Direct Join with Remote System

You can join directly with a remote transactional system such as MySQL or PostgreSQL without local caching. The right-hand side is defined as a dictionary that connects to the external database, and the join uses on-demand lookups via join_algorithm='direct'.
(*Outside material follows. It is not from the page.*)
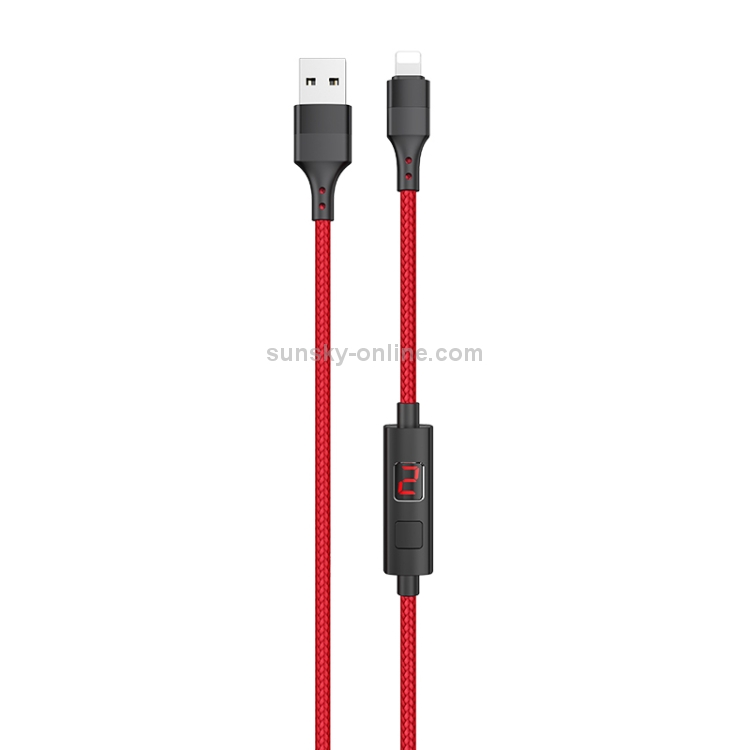 hoco S13 1.2m 2.4A USB to 8 Pin Central Control Timing Charging Data Cable(Red) hoco S13 1.2m 2.4A USB to 8 Pin Central Control Timing Charging Data Cable(Red)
The following diagram illustrates this behavior:

DynamicEnrichmentJoinDirect

Example:

CREATE DICTIONARY mysql_products_dict_direct(
`id` string,
`name` string,
`created_at` datetime64(3)
)
PRIMARY KEY id
SOURCE(MYSQL(
DB 'test'
TABLE 'products'
HOST '127.0.0.1'
PORT 3306
USER 'root'
PASSWORD 'my'
BG_RECONNECT true
))
LAYOUT(complex_key_direct());

CREATE STREAM orders (
`id` string,
`product_id` string,
`customer_id` string,
`country` string,
`city` string
);

SELECT *
FROM orders
JOIN mysql_products_dict_direct AS products
ON orders.product_id = products.id
SETTINGS join_algorithm = 'direct';

Explanation:

  • The dictionary mysql_products_dict_direct connects directly to MySQL.
  • Each new orders event probes MySQL on demand through the dictionary interface.
  • No in-memory hash table is built — Timeplus fetches and joins records as needed.

Direct Join with Local Mutable Stream

In this mode, the right-hand side is a Timeplus Mutable Stream (with a primary key or secondary indexes). The join happens directly without explicitly building an in-memory hash table.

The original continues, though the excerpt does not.